Klimaschutz, Nachhaltigkeit und Recycling stehen noch am Anfang

Singapur ist bekannt für hohe technische Standards und ehrgeizige Pläne, sich zu einer "Smart Nation" zu entwickeln. Umso mehr erstaunt, wie sehr die drängenden Fragen von Klimaschutz und Kreislaufwirtschaft bisher ausgeblendet wurden. "Müll wurde zwar schon früh verbrannt", erzähl Jakob Lambsdorff, "doch der notwendige Umstieg auf Recycling fällt schwer."

"Eine der ganz großen Herausforderungen für uns besteht darin, das Müllsammeln in den Wohngebieten zu managen", sagt Lambsdorff und verweist auf eines der großen Probleme der Region: "Für die Wohnblöcke in Singapur ist das Town Council mit seinen Angestellten zuständig. Die sammeln den Müll, wir holen ihn ab. Die Gehälter sind niedrig und manch einer möchte sich mit seinen Funden vor Ort etwas dazuverdienen. Da werden Trommeln aus Waschmaschinen oder Bauteile aus Klimaanlagen herausgefräst. Darin stecken wertvolle Rohstoffe, die etwas Geld bringen. Für uns lassen sie den Rest liegen. Dagegen gehen wir dann vor."

Erste Pilotprojekte in Südostasien laufen an

In den südostasiatischen Nachbarstaaten gibt es gar kein Town Council, das Sammler regulär beschäftigt. Dort leben ganze Bevölkerungsgruppen vom freien Müllsammeln. Ihr Einkommen ist sehr gering, da zwischen Flaschensammeln und Recyclingunternehmen noch andere stehen, die mitverdienen möchten. "Das ist eine unserer Visionen", so Lambsdorff, "diese freien Sammler in Indonesien, Malaysia oder Vietnam in unser System einzugliedern. Die Zwischenhändler zu reduzieren und sie im Endeffekt dadurch mehr verdienen zu lassen. Hinzu kommt der Aufbau einer rudimentären Sozial- und Krankenversicherung für diese Arbeitskräfte."

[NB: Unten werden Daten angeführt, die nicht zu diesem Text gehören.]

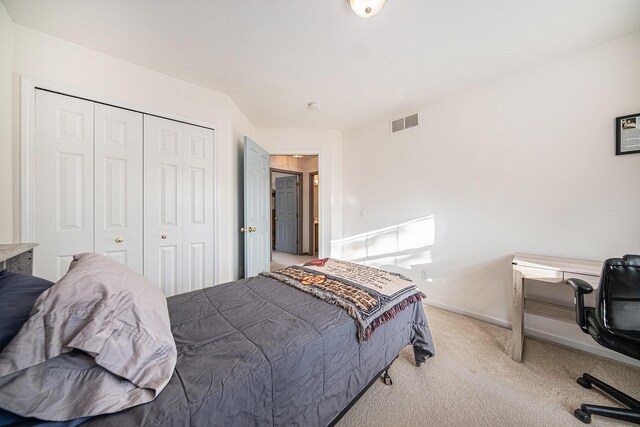 carpeted bedroom with a closet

In Vietnam, Malaysia und Indonesien hat Alba bereits damit begonnen, zehntausende Flaschensammler in erste Pilotprojekte einzubinden, die mit lokalen Entsorgern in Bandung oder in Ho-Chi-Minh-Stadt organisiert werden. Dahinter steht die Entwicklung von Abfall-Management-Lösungen für neue Smart-City-Projekte in Indonesien, Vietnam und Thailand.

Deutsche Unternehmen: An der Spitze der Entwicklung

Der Markt beginnt, sich zu entwickeln. In den nächsten Jahren will Singapur westeuropäisches Niveau erreichen. Eine Vorreiterstellung ist bei der Elektromobilität zu erwarten. Noch liegt der Stadtstaat hier hinter europäischen Standards zurück. Doch die Signale sind deutlich: Die gesamte Fahrzeugflotte von Alba in Singapur soll ab 2025 elektrisch werden.

Das Plastikrecycling ist angelaufen. Zusammen mit den Singapurer Behörden organisieren die Berliner das Einsammeln der wertvollen Rohstoffe. Wenn Singapur es schaffen sollte, seine Recyclingpläne bis 2030 umzusetzen, kann dort das Zentrum eines Recyclingnetzes entstehen, in das ganz Südostasien mit seinem enormen Bedarf eingebunden sein wird. Für die grünen Technologien und Lösungen aus Deutschland ergeben sich hier große Zukunftschancen. "Deutsche, österreichische und Schweizer Unternehmen bilden zusammen mit den Skandinaviern die Spitze der Entwicklung. In Singapur sind unsere Mitbewerber andere deutsche Firmen", meint Jakob Lambsdorff dazu. Das ist eine sehr seltene Ausgangsposition.